── Recorded data ──
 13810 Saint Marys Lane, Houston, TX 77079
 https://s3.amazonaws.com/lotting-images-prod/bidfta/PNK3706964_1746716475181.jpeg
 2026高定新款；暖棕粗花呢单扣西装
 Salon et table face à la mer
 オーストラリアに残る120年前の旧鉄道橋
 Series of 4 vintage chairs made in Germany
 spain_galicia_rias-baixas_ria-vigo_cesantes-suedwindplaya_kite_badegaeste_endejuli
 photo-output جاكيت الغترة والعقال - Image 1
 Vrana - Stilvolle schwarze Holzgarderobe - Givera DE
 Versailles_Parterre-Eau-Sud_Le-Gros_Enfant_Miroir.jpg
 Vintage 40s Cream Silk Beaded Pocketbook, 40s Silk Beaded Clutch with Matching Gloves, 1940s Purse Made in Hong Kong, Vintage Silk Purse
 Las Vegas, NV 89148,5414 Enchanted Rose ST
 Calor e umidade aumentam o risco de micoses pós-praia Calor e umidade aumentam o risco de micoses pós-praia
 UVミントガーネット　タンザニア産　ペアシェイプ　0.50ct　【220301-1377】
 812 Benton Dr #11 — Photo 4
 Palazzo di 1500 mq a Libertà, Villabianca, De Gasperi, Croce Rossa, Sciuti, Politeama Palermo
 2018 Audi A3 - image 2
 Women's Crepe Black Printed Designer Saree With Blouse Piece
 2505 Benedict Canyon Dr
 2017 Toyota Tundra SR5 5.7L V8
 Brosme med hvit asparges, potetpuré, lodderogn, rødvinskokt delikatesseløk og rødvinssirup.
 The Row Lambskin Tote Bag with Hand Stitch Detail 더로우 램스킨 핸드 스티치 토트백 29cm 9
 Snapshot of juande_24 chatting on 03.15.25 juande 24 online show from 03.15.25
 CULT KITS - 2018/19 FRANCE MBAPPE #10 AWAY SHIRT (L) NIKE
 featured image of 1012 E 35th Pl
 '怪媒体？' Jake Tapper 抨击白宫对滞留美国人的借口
───
Repeat each record verbatim.

Solution:
 13810 Saint Marys Lane, Houston, TX 77079
 https://s3.amazonaws.com/lotting-images-prod/bidfta/PNK3706964_1746716475181.jpeg
 2026高定新款；暖棕粗花呢单扣西装
 Salon et table face à la mer
 オーストラリアに残る120年前の旧鉄道橋
 Series of 4 vintage chairs made in Germany
 spain_galicia_rias-baixas_ria-vigo_cesantes-suedwindplaya_kite_badegaeste_endejuli
 photo-output جاكيت الغترة والعقال - Image 1
 Vrana - Stilvolle schwarze Holzgarderobe - Givera DE
 Versailles_Parterre-Eau-Sud_Le-Gros_Enfant_Miroir.jpg
 Vintage 40s Cream Silk Beaded Pocketbook, 40s Silk Beaded Clutch with Matching Gloves, 1940s Purse Made in Hong Kong, Vintage Silk Purse
 Las Vegas, NV 89148,5414 Enchanted Rose ST
 Calor e umidade aumentam o risco de micoses pós-praia Calor e umidade aumentam o risco de micoses pós-praia
 UVミントガーネット　タンザニア産　ペアシェイプ　0.50ct　【220301-1377】
 812 Benton Dr #11 — Photo 4
 Palazzo di 1500 mq a Libertà, Villabianca, De Gasperi, Croce Rossa, Sciuti, Politeama Palermo
 2018 Audi A3 - image 2
 Women's Crepe Black Printed Designer Saree With Blouse Piece
 2505 Benedict Canyon Dr
 2017 Toyota Tundra SR5 5.7L V8
 Brosme med hvit asparges, potetpuré, lodderogn, rødvinskokt delikatesseløk og rødvinssirup.
 The Row Lambskin Tote Bag with Hand Stitch Detail 더로우 램스킨 핸드 스티치 토트백 29cm 9
 Snapshot of juande_24 chatting on 03.15.25 juande 24 online show from 03.15.25
 CULT KITS - 2018/19 FRANCE MBAPPE #10 AWAY SHIRT (L) NIKE
 featured image of 1012 E 35th Pl
 '怪媒体？' Jake Tapper 抨击白宫对滞留美国人的借口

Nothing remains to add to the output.